Registros geológicos (fósseis, sedimentos e sinais de geleira) indicam que no decorrer desses mais de quatro bilhões de anos, o clima e paisagem da Terra variaram extremamente, e paleontólogos querem cada vez mais desvendar e simular essas condições antigas, mas o que causaram, e causarão essas variações?

Segundo Bryson (2005), um pobre zelador nascido em 1821 chamado James Croll foi o primeiro a propor que mudanças cíclicas na forma da órbita terrestre, de elíptica para quase circular, e elíptica novamente, poderiam explicar o começo e recuo das eras glaciais, isto é, ninguém antes pensara que variações climáticas tinham explicações astronômicas. No início do século XX o acadêmico sérvio Milutin Milankovitch, sem nenhuma formação em movimentos celestes (era formado em engenharia mecânica) aos poucos foi refinando os cálculos culminando no livro Mathematical climatology and the astronomical theory of climatic changes [Climatologia matemática e a teoria astronômica das mudanças climáticas] em 1930.

Silva (2007) citando Imbrie & Imbrie (1979) descreve que de acordo com as descobertas matemáticas de Milankovitch, a intensidade dos efeitos da insolação varia com a latitude, ou seja, os três principais fatores a seguir agindo conjuntamente influenciam na dinâmica climática terrestre:

  • Precessão: possui um período absoluto da ordem de 22 mil anos, com períodos principais médios de cerca de 19 e 23 mil anos e extremos em 14 e 28 mil anos. O efeito da precessão está 180° fora de fase entre os hemisférios norte e sul e é maior no equador, diminuindo em direção aos pólos;
  • Obliqüidade: a inclinação do eixo da Terra em relação à normal ao plano da órbita varia entre 22° e 24,50° , com um período médio de cerca de 41 mil anos e modula a sazonalidade, principalmente nas altas latitudes;
  • Excentricidade: varia entre órbitas mais elípticas (excentricidade de cerca de 0,06) e mais circulares (cerca de 0,001), estando atualmente com aproximadamente 0,01. Possui uma periodicidade de aproximadamente 100 mil anos na média, com componentes importantes em 95, 123 e 136 mil anos.

                A figura 1 representa graficamente cada um dos fenômenos:

fig_bruno
Figura 1. Representação dos ciclos orbitais: a excentricidade; b obliquidade e c precessão.

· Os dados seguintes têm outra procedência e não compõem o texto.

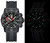 Luminox Sea A.4241 ANU Chronograph Series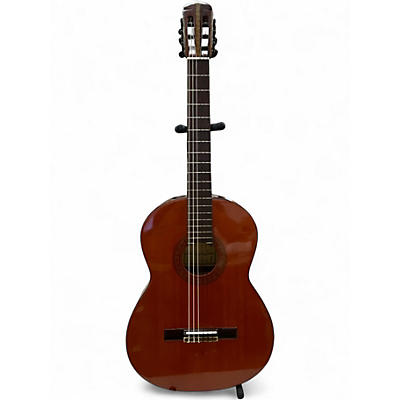 Used Garcia 1A Natural Classical Acoustic Guitar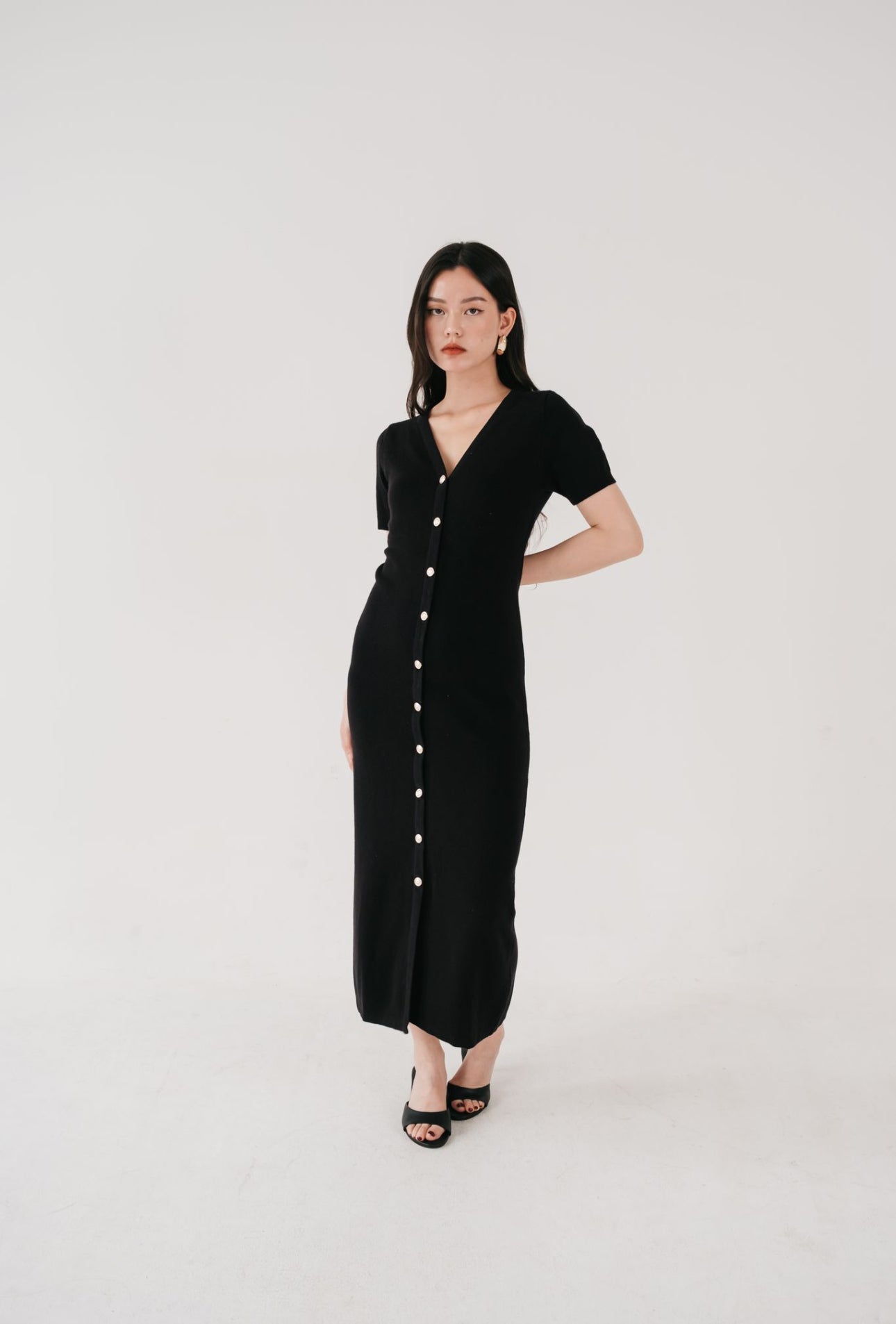 Lune Dress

Fonte: Silva (2007).

A figura 2 abaixo mostra os gráficos desses três fatores desde 250 mil anos atrás até 100 mil anos no futuro:

fig2_bruno (2)
Figura 2. Variações da excentricidade, precessão e obliquidade de 250 mil anos atrás até 100 mil anos à frente. Fonte: Berger (1978c).

Segundo Berger (1980), a teoria de Milankovitch indica que as glaciações ocorrem quando:

a-) o verão começa no afélio, ou seja, quando a distância entre a Terra e o Sol é maior;

b-) a excentricidade é máxima, ou seja, a distância entre a Terra e o Sol no afélio é a maior possível. Isso afeta não só a intensidade relativa e a duração das estações nos diferentes hemisférios, mas também a diferença entre a insolação máxima e mínima recebida durante um ano;

c-) a obliquidade é baixa, significando que a diferença entre verão e inverno é fraca e o contraste latitudinal é maior.

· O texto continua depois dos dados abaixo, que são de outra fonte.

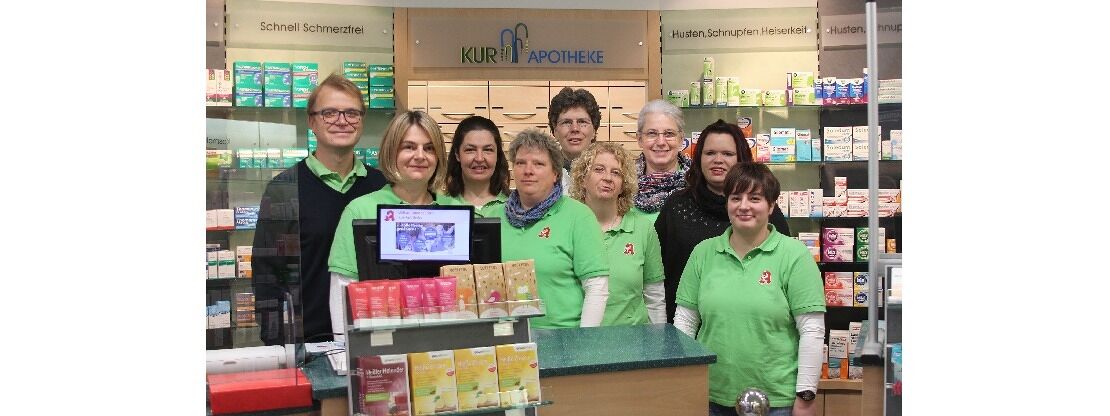 Kur Apotheke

A teoria de Milankovitch foi alvo de disputas durante décadas. Porém, em 1976, Hays et alii apud Silva (2007), demonstraram que as frequências astronômicas estavam presentes de forma significativa nos dados paleoclimáticos. Assumiram primeiramente em seu estudo que o sistema climático tinha uma resposta linear à indução orbital. A partir de dois testemunhos do fundo do mar, que continham um registro contínuo de 450 mil anos, analisaram três parâmetros sensíveis às mudanças climáticas e os transformaram em séries temporais geológicas. Os parâmetros eram a composição isotópica de oxigênio (δ18O) em foraminíferos planctônicos, uma estimativa das temperaturas de verão na superfície do mar, baseada em radiolários, e a abundância relativa de outras espécies de radiolários e encontraram, nos espectros de intensidade, ciclos quase-periódicos correspondentes aos orbitais.

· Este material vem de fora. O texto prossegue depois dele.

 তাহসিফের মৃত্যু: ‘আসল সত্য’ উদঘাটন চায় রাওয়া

Melo e Marengo (2008), ao simular o clima do Holoceno Médio (seis mil anos atrás) na América do Sul, compararam parâmetros orbitais dessa época com o atual, respectivamente: obliquidade (24,105 e 23,440); excentricidade (0,0018682 e 0,016724) e precessão dos equinócios (0,87 e 102,04) o que nos mostra que esmo num intervalo geológico curto há diferenças nesses valores.

Os ciclos de Milankovitch sozinhos não são suficientes para explicar ciclos de eras glaciais, outros fatores como disposição dos continentes por exemplo influenciam. No entanto os períodos interglaciais duraram somente 8 mil anos, ou seja, esses últimos dez mil anos estão “estranhamente calmos” (BRYSON, 2005). A figura 3 apresenta três gráficos, os dois primeiros de concentração de Co2 e CH4 e o terceiro a temperatura média do planeta nos últimos 420 mil anos.

fig3_bruno.png
Figura 3. Concentrações de GEE e temperatura média global nos últimos 420 mil anos. Fonte: Hansen et al. (2007)

Percebe-se que a partir do século XIX não há a “queda” periódica como nas épocas anteriores, que também são consequências da soma das três funções periódicas (excentricidade, obliquidade e precessão), as concentrações de GEE dispararam e a temperatura não reage de maneira linear. Podem as ações antrópicas dos últimos séculos que marca o que alguns chamam de Antropoceno, influenciar no clima global? Bem, é uma pergunta que cabe a um próximo artigo.

Bruno Morais

Referências

BERGER, A., Numerical values of the elements of the Earth’s orbit from 5,000,000 YBP to 1,000,000 YAP (astronomical solution of Berger, 1978), Contrib. 35, Inst. d’Astron. et de G•ophys. G. Lemaitre, Univ. Catholique, Louvainla-Neuve, Belgium, 1978c.

BERGER,A. 1980. The Milankovitch astronomical theory of paleoclimates: a modern review. Vistas in Astronomy, 24:103-122.

BRYSON, B. Breve história de quase tudo; tradução Ivo Korytowski. São Paulo: Companhia das Letras, 2005.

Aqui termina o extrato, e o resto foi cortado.